ID-fraud is a growing and unsolved problem. Existing solutions for user authentication do not enable Banks to control that the person authorizing a payment is the owner of the account. The current solutions are not good enough. When suspicious transactions are identified, preventive steps are often too late.
It is difficult to re-establish trust in online channels when user identities are compromised or lost. For example when the password is forgotten or the BankID-app is lost because the phone is lost, or any other situation when a user is unable to authenticate. Re-establishing identity is costly and insufficient for the banks, and cumbersome for the users. The bank is dependent on using pre-registered information from the user. Common methods for re-opening access are Q&A, sending of activation codes to SMS or e-mail. These weaknesses are exploited by fraudsters who, often through social manipulation, replace users contact details with fraudsters contact details, that banks use to re-establish identity in online channels.
The user identity consists of passwords and onetime codes (generated by tokens, on-device biometrics or apps). These authentication elements do not identify a person, they only confirm the possession of these authentication elements. A fraudster can gain access disguised as the user without exposing any suspicious information to the bank.
In these attack scenarios biometric data from ID-documents represent an attractive countermeasure. Biometric data in passports has a special significance, because they confirm a verification of identity done by the authorities. In Norway this authority is the police. When we apply for a passport, we are requested to meet up at a police station.
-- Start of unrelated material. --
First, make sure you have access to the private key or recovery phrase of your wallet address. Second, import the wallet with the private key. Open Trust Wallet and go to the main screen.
At the police, our biometric data is captured in the presence of a police officer on a capturing system controlled by the police (not online or on the smartphone). The data in our passport is digitally signed by the authorities and the integrity of the passport data can be cryptographically proven.
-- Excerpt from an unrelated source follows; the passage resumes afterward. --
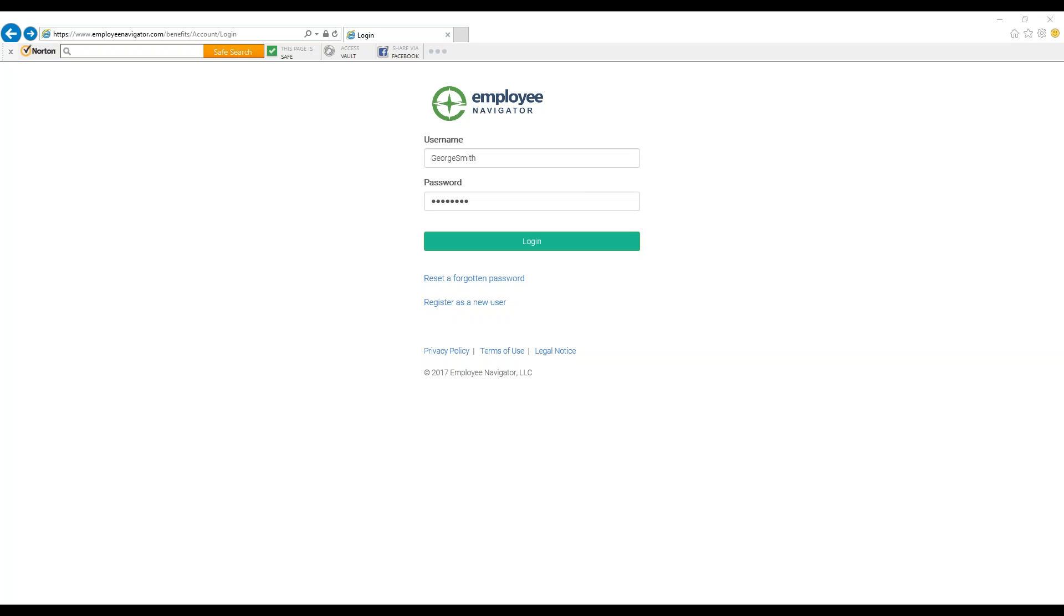Hello! This video tutorial will show you how to add a life event to your profile on Employee Navigator. A life event is a change in your situation, like having a baby or getting married, that may affect your dependent status or coverage eligibility.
This identity verification is the root-of-trust for our identity, in society. If the banks can re-use this root-of-trust in online channels, it can replace existing solutions for identity verification (the SMS, activation codes to email, Q&A sessions), which have proven insufficient to stop the ongoing ID-fraud.
Can we share (sensitive personal) data and still exercise control of that data? To online entities we cannot trust?
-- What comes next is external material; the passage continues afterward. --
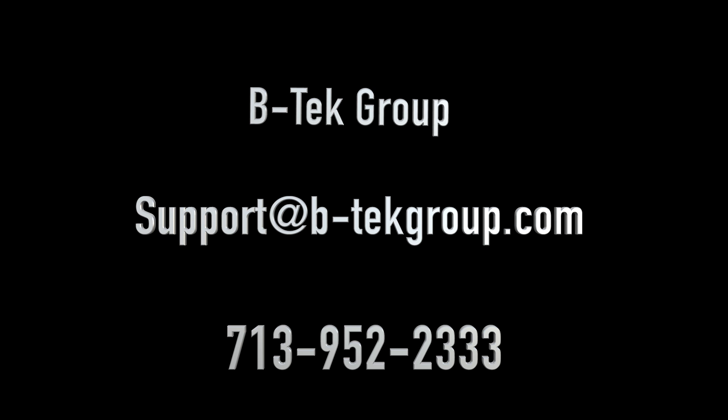This was a quick tutorial on how to remotely access your office computer through the Btech portal. If you guys have any questions, please shoot us an email at support@b-techgroup.com or give our office a call at 713-952-2333. Thank you.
We are users of smartphones and PCs where platform owners and apps collect enormous amounts of personal data about us. We have no control over this data, and often we do not even know what data this is, but still we have to trust them. So, the question of ‘controlling’ data which is not under our protection seems a far stretch.
Current methods for control of data are based on ‘secure storage’. The data is secured by restricting the access to the data, by encryption and by access control. The protection of sensitive personal data is enforced by restricting access even more: By regulation and by technology. For users, the access control is tied to a user account, which is secured by a password and token or biometric authentication issued to us from the entity securely storing our personal data.
Let us now, for a moment, challenge this understanding of ‘control of data’. Let us look at other mechanisms than secure storage and access-limitation for controlling sensitive data. Instead, imagine a situation where you change the data. That is: The sensitive data is modified to maintain the properties needed for a specific purpose but eliminate other information from the data. By this modification you exercise ‘control of data’ and this control can protect your original, sensitive, data. Then, you share the modified data, not the sensitive data. The sensitive data remain in the secure storage, unaccessed.
Now imagine that you repeat the process of modifying your sensitive data, to obtain two separate datafiles of modified data. They have the same properties and the same origin from the (sensitive) data. But the modified datafiles are different from each other. Again, You exercise control by modifying the data, this time by making the data useful for only one recipient. The ability for a recipient to use your data is restricted to its own use. Then you restrict the potential for misuse.
These examples of controlling data by modifying data are possible by the use of cryptology. Through cryptology we can design services that securely process modified sensitive data, in ways that enable you to control, fully and through the lifetime of the service, the privacy of your data. Then we can imagine the concept of controlling data through a ‘secured services’, not ‘secure access’. And enable the sharing of modified data without exposing sensitive data. I such a scenario, the need to trust the online entities we share data with becomes less important, because the risk of loosing sensitive data is eliminated, leading to more resilient digital services.
Our SALT solution is an example of such a secured service. The cryptology we apply is explained in the report: the modification of the data and the use of cryptology to process the data is explained very carefully. And it describes how control of data is exercised and how privacy is maintained for the lifetime of the shared data.
We should use advances in technology to build better digital infrastructures
Mobai is grateful for being selected as a project in the regulatory sandbox. We appreciate the efforts made by Datatilsynet to really understand the underlying technologies and analyze the privacy implications of these technologies. The Sandbox report acknowledges the potential privacy benefits of this technology, and we believe the report is a good contribution to the development of more resilient digital infrastructures.
For users the SALT technology are tools to exercise user control of personal data. It can enable the ‘right to be forgotten’. Safe re-use of biometric identities will reduce attack surface for fraudsters and reduce the risks of being exposed to social manipulation.
For service providers and entities with legal basis to collect and store biometric identities, for example immigration authorities or banks, the SALT technology is an opportunity to safely share identity data while maintaining all privacy rights of the individual persons. This safe sharing of identity data will enable the development of safer, more cost efficient, and more user friendly online services.